Supreme Court of Arkansas

June 1, 2017

JACKIE LEE WILLIAMS APPELLANT
v.
WENDY KELLEY, DIRECTOR, ARKANSAS DEPARTMENT OF CORRECTION APPELLEE

         PRO SE APPEAL FROM THE JEFFERSON COUNTY CIRCUIT COURT [NO. 35CV-16-634] HONORABLE JODI RAINES DENNIS, JUDGE

          Jackie Lee Williams, pro se appellant.

          Leslie Rutledge, Att'y Gen., by: Kathryn Henry, Ass't Att'y Gen., for appellee.

          COURTNEY HUDSON GOODSON, Associate Justice

         Appellant Jackie Lee Williams filed a pro se petition for writ of habeas corpus in the circuit court of the county where he was, and remains incarcerated in an Arkansas Department of Correction facility on consecutive sentences imposed on three convictions for rape. The circuit court dismissed the petition, and this appeal followed. We affirm.

         In 1995, Williams was charged by information with three counts of rape, each involving a different occasion and a different victim, and the offenses were severed for trial.
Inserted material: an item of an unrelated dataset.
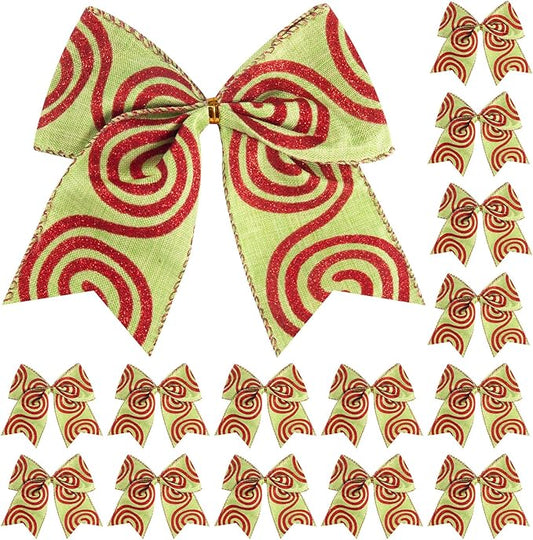 SIMISI RIBBON Christmas Tree Bows Wreaths Graland Xmas Party Decorations Red Green Stripe Ornaments (6 * 6 Inches, 12 Pcs)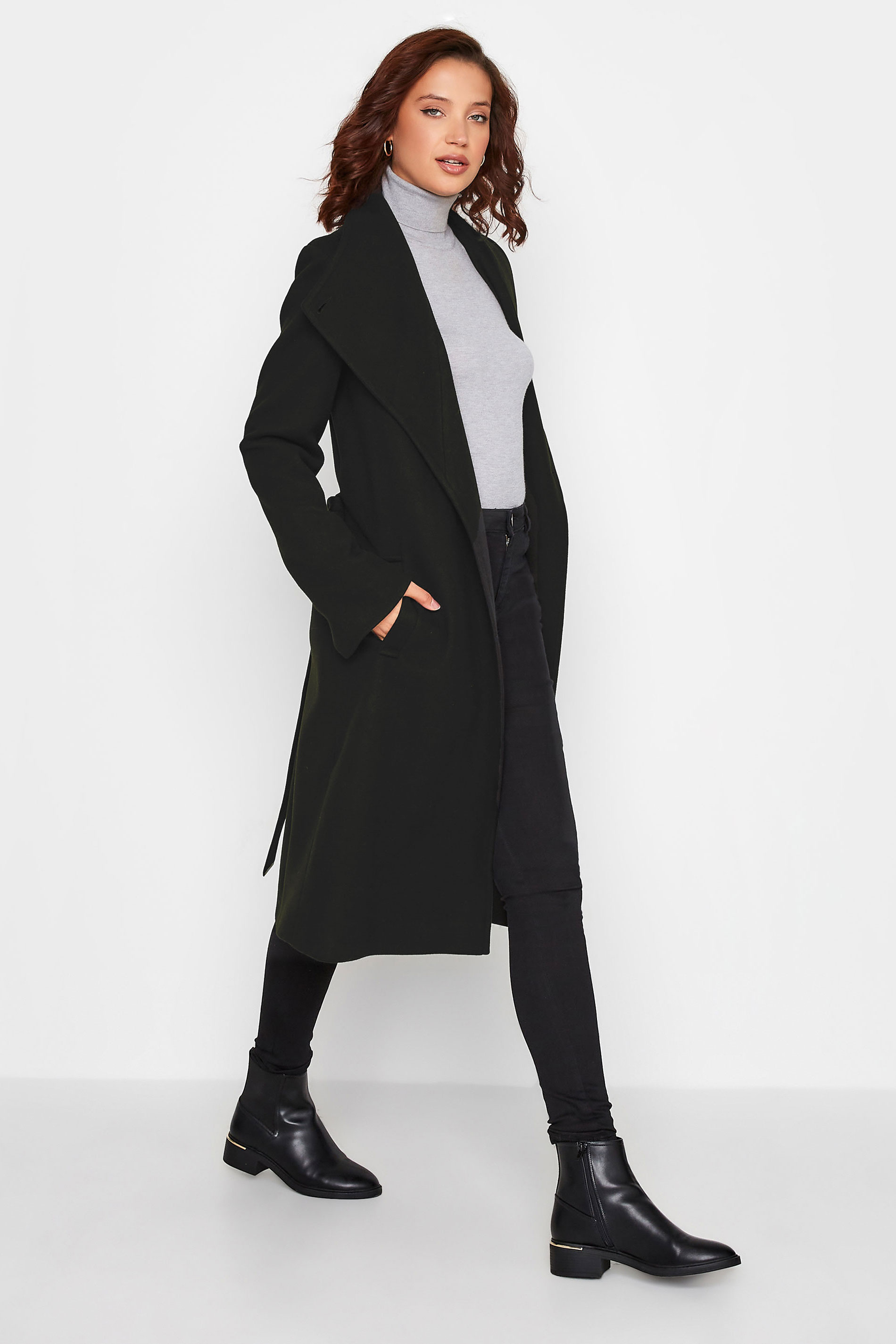 LTS Tall Women's Black Belted Coat | Long Tall Sally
Williams was first tried and convicted by a jury on the second count in the information, and he received, as a habitual offender, a sentence of twenty-five years' imprisonment. The Arkansas Court of Appeals affirmed that judgment. Williams v. State, CR-96-725 (Ark. App. Apr. 2, 1997) (unpublished). This court affirmed the judgment convicting Williams on the third count of rape, for which he received a life sentence. Williams v. State, 331 Ark. 263, 962 S.W.2d 329 (1998). We also affirmed Williams's conviction and life sentence for the final charge, which was the first count of rape in the information. Williams v. State, CR-97-1499 (Ark. May 4, 2000) (unpublished).

         Williams twice previously sought habeas relief, and in both instances, this court affirmed the denial of that relief. Williams v. Norris, CV-03-1401 (Ark. March 31, 2005) (unpublished per curiam); Williams v. Norris, CR-98-1027 (Ark. Jan. 20, 2000) (unpublished per curiam). Williams has also unsuccessfully pursued relief from the judgments through a petition to correct an illegal sentence under Arkansas Code Annotated section 16-90-111 (Repl. 2016), and this court affirmed the denial of that petition. Williams v. State, 2016 Ark. 16, 479 S.W.3d 544 (per curiam).

         In his petition that is the subject of this appeal, Williams alleged that the trial court was without jurisdiction to impose two of the three sentences because the information was defective in including all three charges under the same case number, that he was denied fair trials, that his speedy-trial rights had been violated, and that his second and third trials violated the prohibition against double jeopardy. Williams reasserts these claims on appeal, contending that the circuit court erred in dismissing his petition.

         On review, this court will not reverse the circuit court's decision granting or denying postconviction relief, including the grant or denial of a habeas petition, unless it is clearly erroneous. Hobbs v. Gordon, 2014 Ark. 225, at 4, 434 S.W.3d 364, 367. A finding is clearly erroneous when, although there is evidence to support it, the appellate court after reviewing the entire evidence is left with the definite and firm conviction that a mistake has been committed. Id.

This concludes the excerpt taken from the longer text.